Task to complete — Lines from the one containing "Lovage - List pictures" through the last line of the data are to be returned exactly, both ends included, minus any pictures.

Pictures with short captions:
════

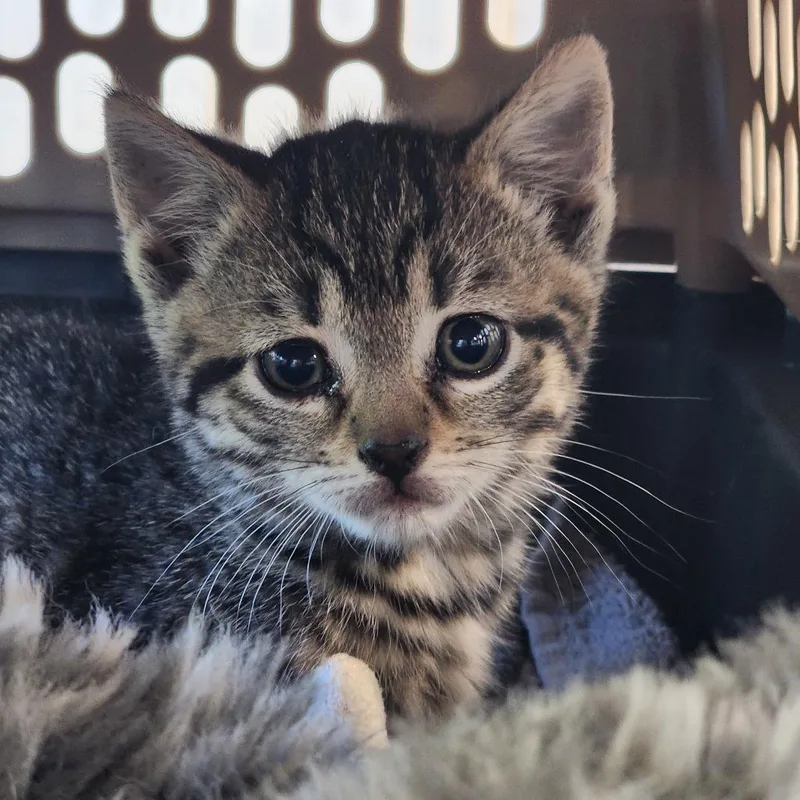 A baby small-sized female Brown / Chocolate Domestic Short Hair cat named Anree for adoption in Middletown, NY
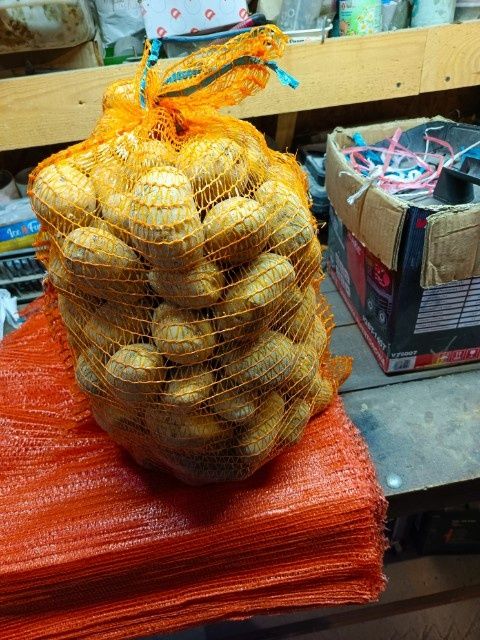 Ziemniaki Lily, Bellarosa-worki 15kg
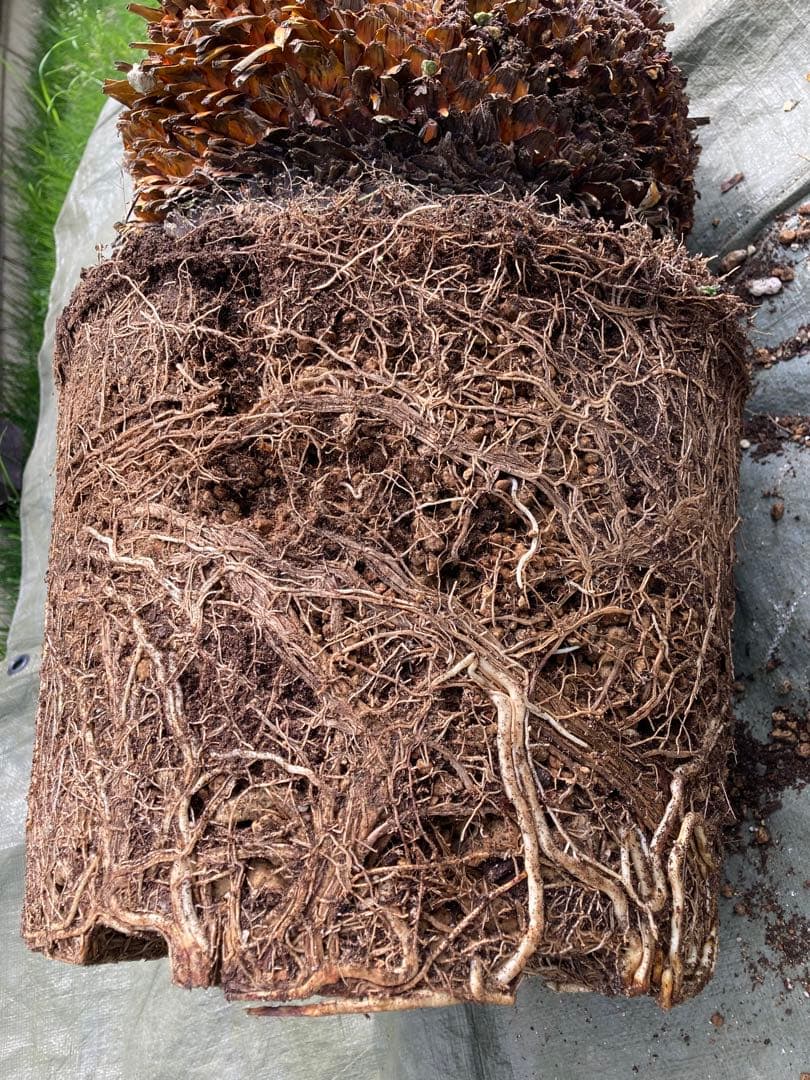 耐寒性ダシリリオン　ロンギシマム大株◇南国ドライガーデン　アガベ ユッカ　ヤシ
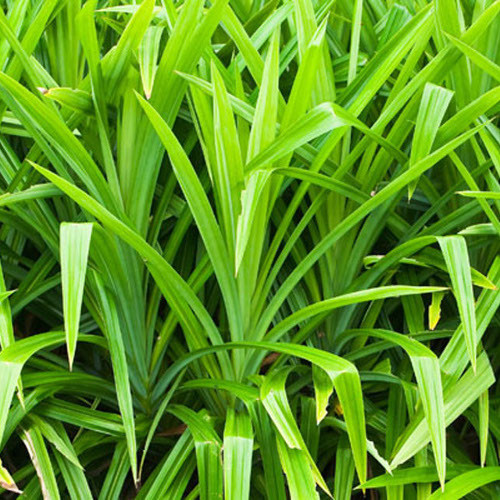 

Seed Entrepreneur Daun Pandan Wangi Kering - 20 Lembar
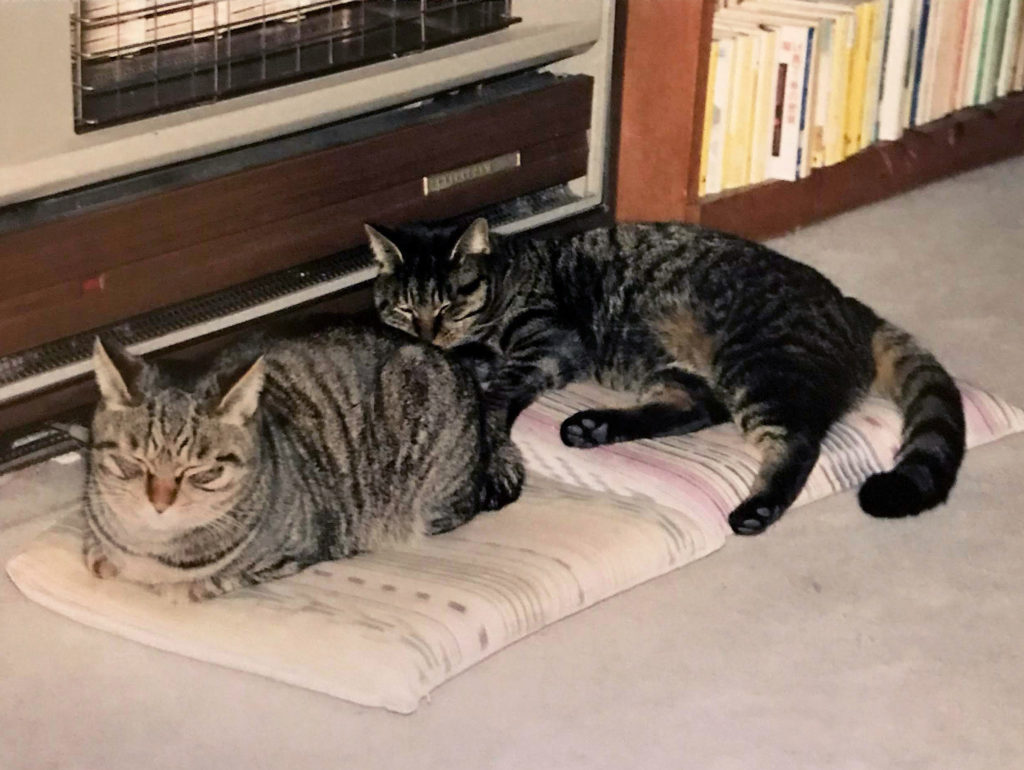 ストーブで温まる猫
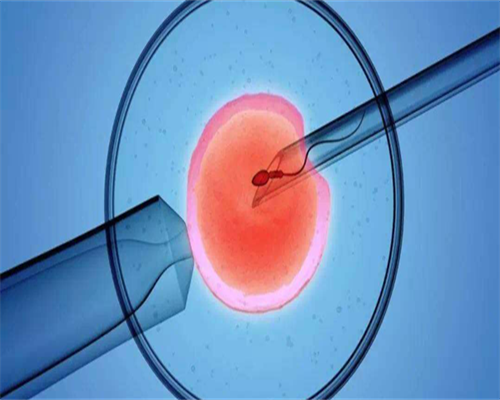 相关如何提高怀孕几率,备孕一个月没怀上的原因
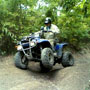 quad tour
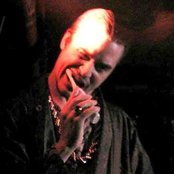 Lovage - List pictures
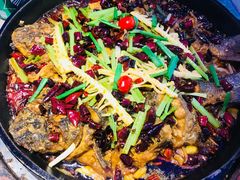 -老板恋上鱼(恒隆广场店)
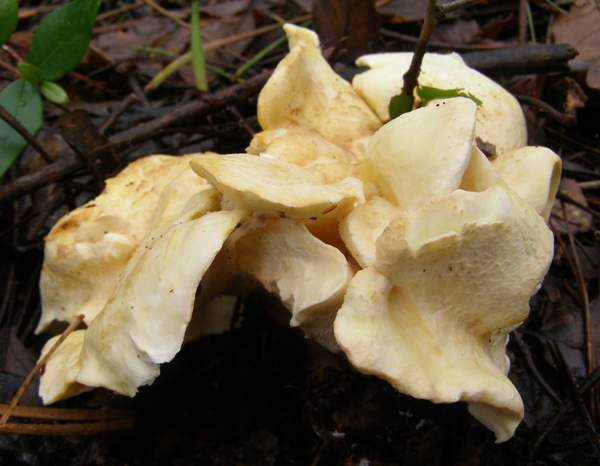 Albatrellus subrubescens, Portugal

════

Exercise response —
 Lovage - List pictures
 -老板恋上鱼(恒隆广场店)
 Albatrellus subrubescens, Portugal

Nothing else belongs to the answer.